**WHAT YOU HAVE TO DO:**
Retype, exactly and only, each line from the one containing "thumbnail image 4" to the end of the records below.

-- Opening Marker --

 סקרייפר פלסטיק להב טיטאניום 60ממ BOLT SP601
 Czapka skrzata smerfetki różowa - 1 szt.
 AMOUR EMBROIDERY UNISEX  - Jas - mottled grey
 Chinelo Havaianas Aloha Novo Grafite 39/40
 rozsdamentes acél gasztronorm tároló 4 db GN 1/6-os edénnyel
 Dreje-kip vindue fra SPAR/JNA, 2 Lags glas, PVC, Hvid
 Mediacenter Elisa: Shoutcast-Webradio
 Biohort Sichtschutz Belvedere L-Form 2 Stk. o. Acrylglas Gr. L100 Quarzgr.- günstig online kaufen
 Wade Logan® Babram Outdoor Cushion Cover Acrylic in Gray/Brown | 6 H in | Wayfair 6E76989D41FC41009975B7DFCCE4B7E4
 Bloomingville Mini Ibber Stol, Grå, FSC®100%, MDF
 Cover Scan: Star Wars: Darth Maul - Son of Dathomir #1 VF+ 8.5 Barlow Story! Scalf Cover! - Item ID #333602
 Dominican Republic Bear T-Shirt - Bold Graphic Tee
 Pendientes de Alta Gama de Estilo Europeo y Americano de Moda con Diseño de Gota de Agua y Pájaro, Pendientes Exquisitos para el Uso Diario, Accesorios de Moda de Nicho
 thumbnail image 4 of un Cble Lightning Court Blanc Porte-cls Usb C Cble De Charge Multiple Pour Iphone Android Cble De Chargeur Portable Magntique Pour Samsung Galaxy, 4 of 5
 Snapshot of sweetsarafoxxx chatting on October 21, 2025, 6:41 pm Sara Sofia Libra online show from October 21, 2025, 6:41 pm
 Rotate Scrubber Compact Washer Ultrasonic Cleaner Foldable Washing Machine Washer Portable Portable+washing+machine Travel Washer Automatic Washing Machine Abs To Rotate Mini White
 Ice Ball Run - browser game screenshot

-- Closing Marker --

**ANSWER BOX:**
 thumbnail image 4 of un Cble Lightning Court Blanc Porte-cls Usb C Cble De Charge Multiple Pour Iphone Android Cble De Chargeur Portable Magntique Pour Samsung Galaxy, 4 of 5
 Snapshot of sweetsarafoxxx chatting on October 21, 2025, 6:41 pm Sara Sofia Libra online show from October 21, 2025, 6:41 pm
 Rotate Scrubber Compact Washer Ultrasonic Cleaner Foldable Washing Machine Washer Portable Portable+washing+machine Travel Washer Automatic Washing Machine Abs To Rotate Mini White
 Ice Ball Run - browser game screenshot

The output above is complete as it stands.